Further, teams may also institute a variety of methods to incrementally roll out changes to users, minimizing the potential blast radius of any issue in these features. Simplest is the feature toggle or flag. A binary on / off switch, this enables feature code to be deployed, but in an off state so that the feature can be independently controlled separate from the release. When ready, the flag can be enabled, effectively turning the feature on to users. This allows for deployment on incomplete features or ones that need testing before enablement. More advanced configuration systems allow for percentage incremental dial ups of features and A/B testing of features across differing percentages of users to allow the testing and measurement of the feature. Some even allow individual users to be enabled, making testing with test accounts or beta testing features easy.

Canary deployments, in which deployments only target a subset of hosts in the fleet, perhaps 10%, can also allow features to roll out slowly and more controlled. Paired with automated monitoring, this technique can be effective in quickly validating new code in production without exposing a large number of users, then rolling back quickly if an issue is found.

Teams also need to evaluate how they get development and test data as well. Many teams create test environments that developers code against and the initial round of automated tests run against. They spend countless hours maintaining the data in these environments and ensuring the services and environments are up, running, and stable there. Some teams though don’t bother, and test directly in production. Rather than trying to keep environments in sync with complicated processes, they just use production data. This means they can move faster as they aren’t brining cycles maintaining test environments, setting up and nursing test data, and discovering issues in staging environments that are actually caused by inconsistent data.

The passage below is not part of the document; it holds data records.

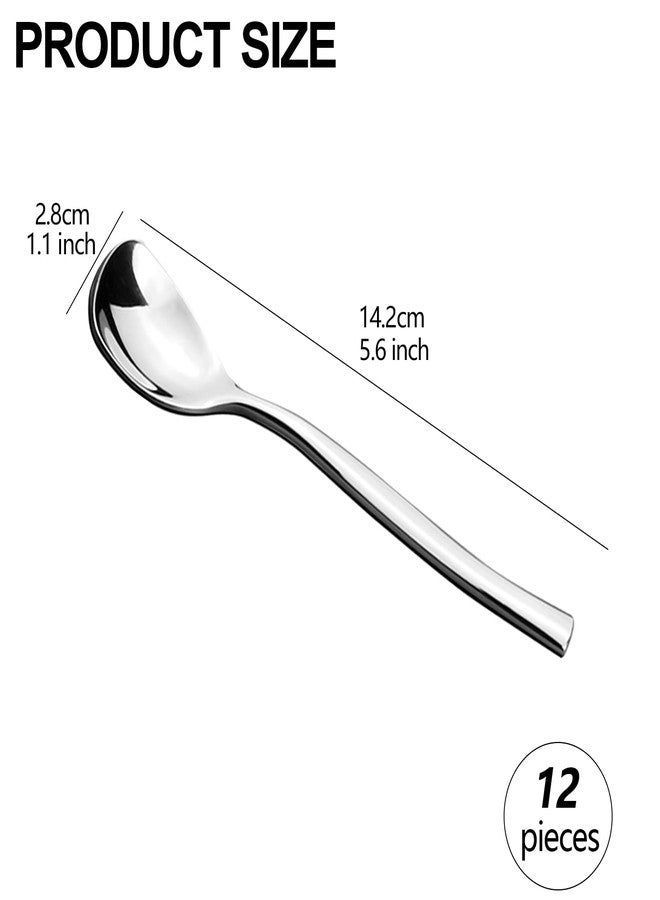Tyminin 12 Pieces Stainless Steel Gelato/Ice Cream Spoons, Shovel Dessert Spoons for Yogurt, Tea, Cocktail, Sugar - Image 2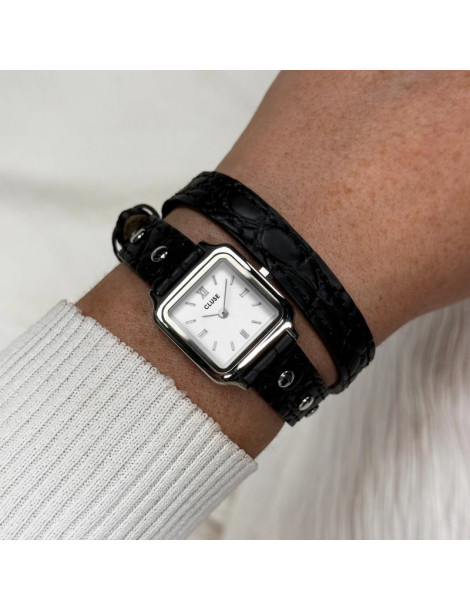 CLUSE Montre Gracieuse Mini Double Leather Black Studs Silver
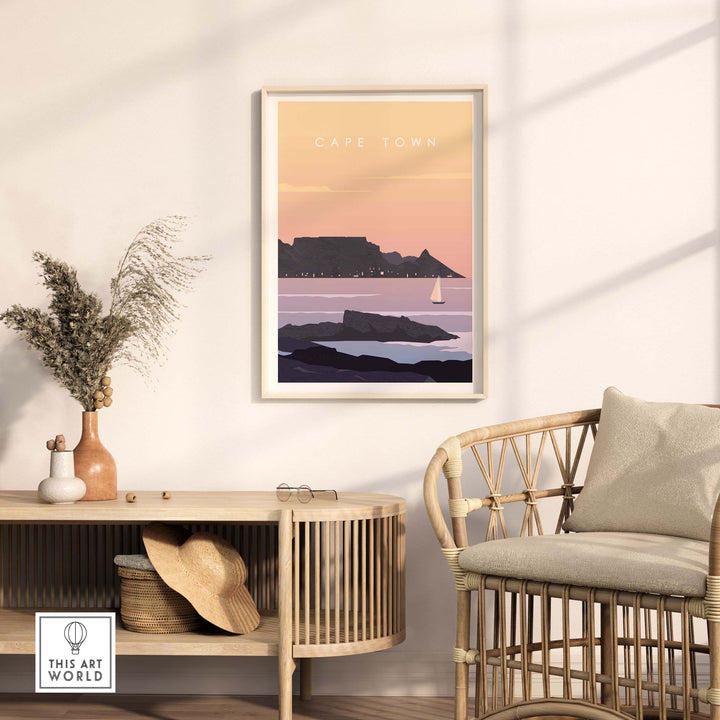 Cape Town Print Wall Art Poster featuring a vintage-inspired sunset landscape, perfect for home decor.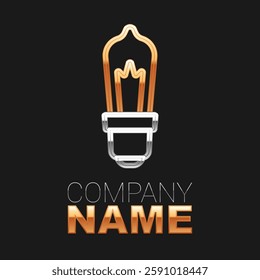 Line Light bulb with concept of idea icon isolated on black background. Energy and idea symbol. Inspiration concept. Colorful outline concept. Vector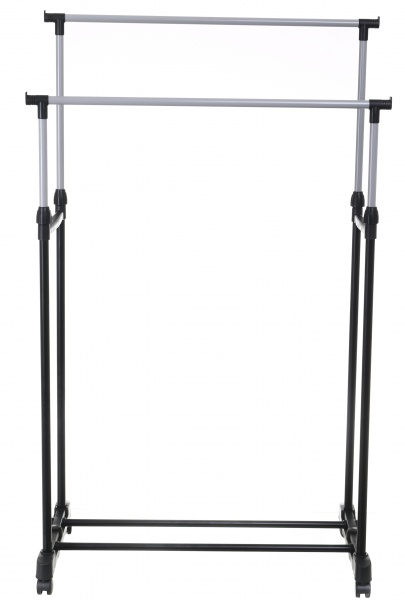 Держатель для одежды 800x420x950 (1650) мм двойной передвижной на колесах черный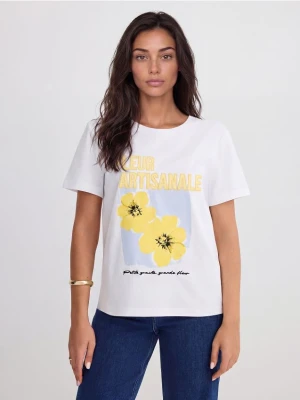 Mohito - Bawełniany t-shirt z nadrukiem - kremowy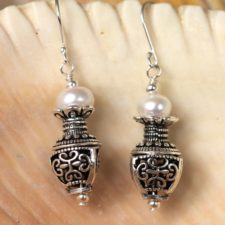Handcrafted sterling silver and pearl earrings
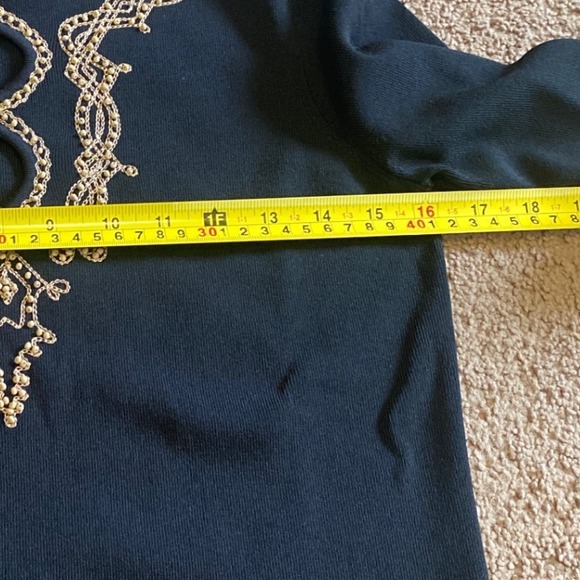 Grace Daniels Black Embellished Chain Pattern Elegant Top 3/4 Sleeve Size M EUC - Picture 7 of 8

Effective software development teams move as fast as possible, but don’t break things. They automate everything except for their development and build tools and systems to monitor the health of systems and the user experience so that when something does break, they know quickly, and the system can respond, minimizing the disruption to the user. Doing so allows them to get new features and improve experiences lightning-fast and shorten the feedback loop to the user, allowing them to learn what their users need much faster. These organization can outpace competitors and deliver the best value to their users by focusing on velocity and automation.